Planning your implementation

Amongst the tasks you need to perform when planning your implementation is to gather information about the following:

1. Identify document types and standards applying to your implementation

  • Identify the document types (for example, EDI, XML, CSV) that your implementation will use and how they will be represented in LANSA Composer.
  • Identify the particular standards and/or versions that apply to those document types and how they will be represented in LANSA Composer.
  • Locate and acquire the references that your implementation will use to effect mapping (and validation, if applicable) of the transaction document types and standards you have implemented.  For XML documents, for example, you will need access to the relevant document DTD or schema.  For text or CSV documents, you will need access to a reference that completely describes the document format.  For EDI documents, you will need access to the SEF/LSEF file that describes the standard and you will need to connect that to the applicable LANSA Composer document standard for use by EDI-specific parts of the framework such as the DISCOVER_EDI activity.

2. Identify your trading partners and trading agreements

  • Identify the trading partners with whom you will exchange transaction documents.
  • Understand any trading agreements that may govern the transaction document exchange with those trading partners.
  • If applicable, categorize your trading partners and agreements such that you can identify the processes that will be common. Assuming that you interact with at least some groups of your trading partners in the same ways, your objective should be to build common processes (or adapt the supplied processes) such that they can serve more than one trading partner relationship.  LANSA Composer contains specific features to support this.
  • Gather information for each trading partner that will enable you to implement the agreed document exchange.  Of course this includes the agreed document types and standards, but also you need to gather the specific details that will enable you to implement the agreed transport protocols, such as FTP address and credentials.

 

3. Understand your application(s) with which the solution will integrate

  • Identify your existing application(s) that will be involved in the transaction document processing.
  • Understand the relevant parts of the application's database and any rules that govern it.
  • Determine the division of responsibilities between the application and your transaction document processing solution. For example, define the extent to which each of them is responsible for cleaning and validating any in-coming transaction data in order to meet the application's processing requirements.
  • Identify integration touch-points.

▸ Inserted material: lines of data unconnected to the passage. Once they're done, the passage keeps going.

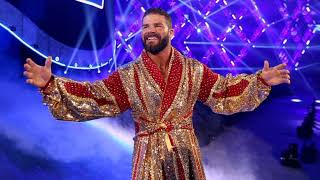 Booby Roode theme song  Glorious Domination [upl. by Hersh]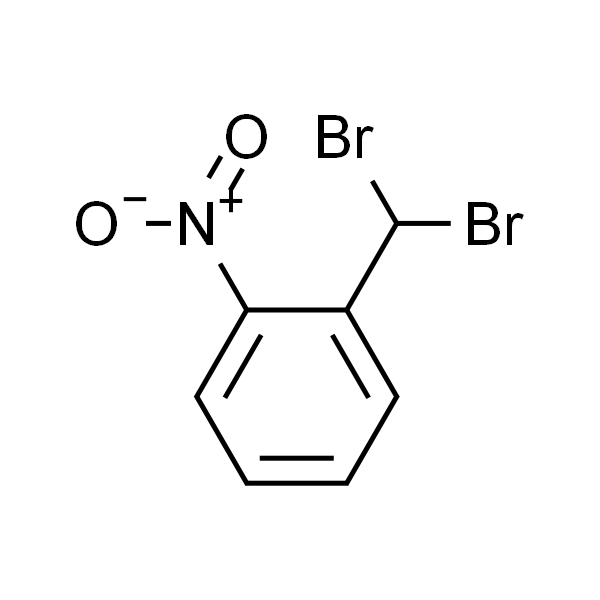 1-(二溴甲基)-2-硝基苯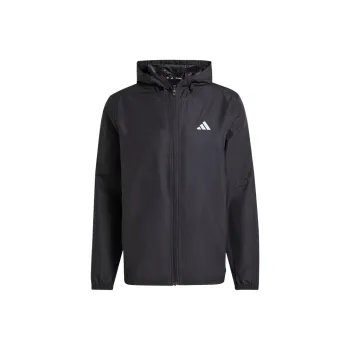 Adidas Gym+ Jackets Coats Men's Black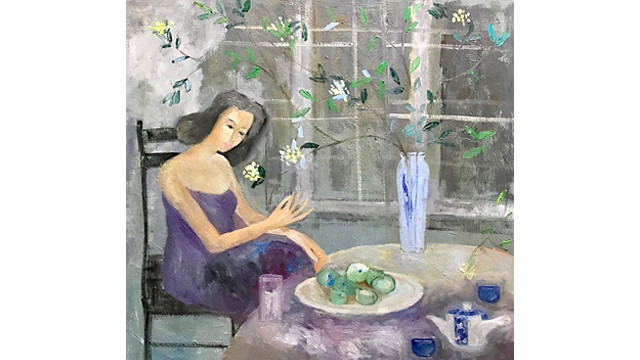 Minh họa: NGUYỄN MINH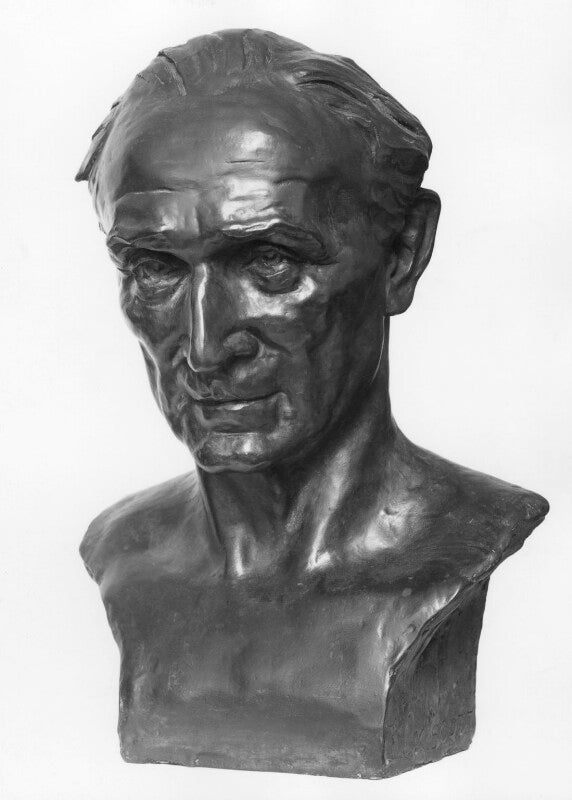 Rufus isaacs, 1st marquess of reading npg 3643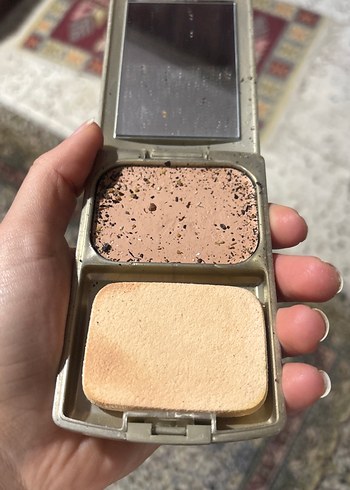 Açık Bej Pudra - Görsel 7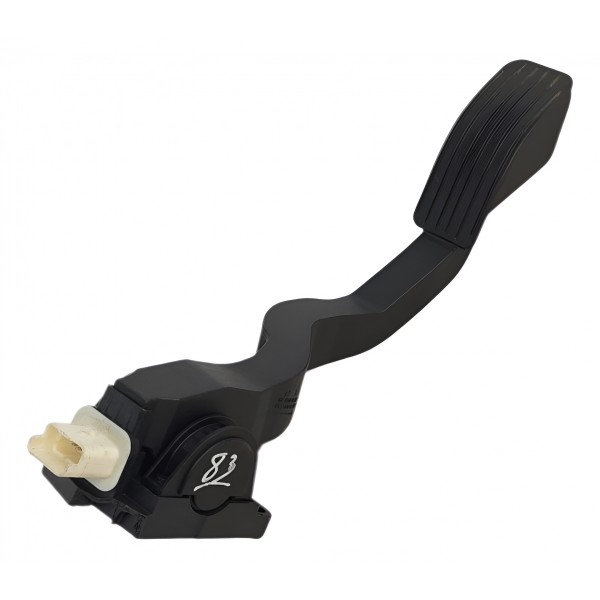Pedal Acelerador Eletronico Peugeot 207 1.4 2005 2006 A 2011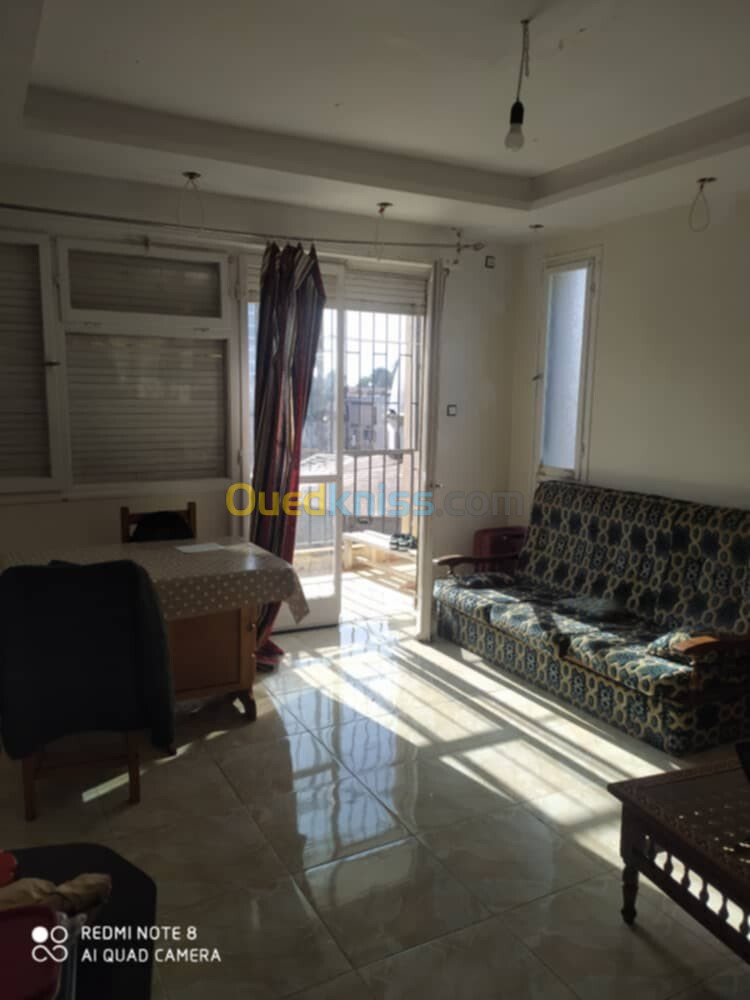 Location Appartement F3 Alger Ben aknoun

Clearly this must include shared database access, but also any program-level integration. For example, the inbound process may need to call an application program or start an application process on receipt of an in-coming transaction.  Or your application may need to start the outbound process in response to application events that indicate that an outbound transaction document is to be sent.

 

4. Determine the most appropriate approach to mapping transaction data

  • Decide whether the transformation maps that you will create for your transaction document processing requirements should directly address existing application database tables or instead should use an intermediate "staging" database:
  • Having your transformation maps directly address the application database tables is usually the quickest and simplest solution to implement.  However, this may not be appropriate if this results in the solution effectively bypassing data cleansing and integrity provisions of your existing applications.
  • Using an intermediate "staging" database helps to insulate your application from the interfaces that the transaction document processing solution opens to the outside world and affords you the opportunity to implement comprehensive data cleansing and integrity measures.  However, this approach is somewhat more complex and costly to implement and may require you to perform additional coding to provide import and/or export processors that support this approach (though it will often be possible to re-use or adapt existing programs for this purpose).

 

Integration with operational procedures, if necessary

  • Adapt your operational procedures to accommodate your transaction document processes.  Depending on your trading partner agreements, there are a number of ways in which transaction document exchange with your trading partners may be initiated.  Some possibilities are that you may need to add periodic processes to your operational task scheduler or batch processing streams to poll for available inbound transaction documents.
  • Allocate responsibility for monitoring and acting upon exceptions that occur in your transaction document flows.  You may wish to take advantage of LANSA Composer's in-built event notification features to have selected groups of users automatically notified of exceptions that occur.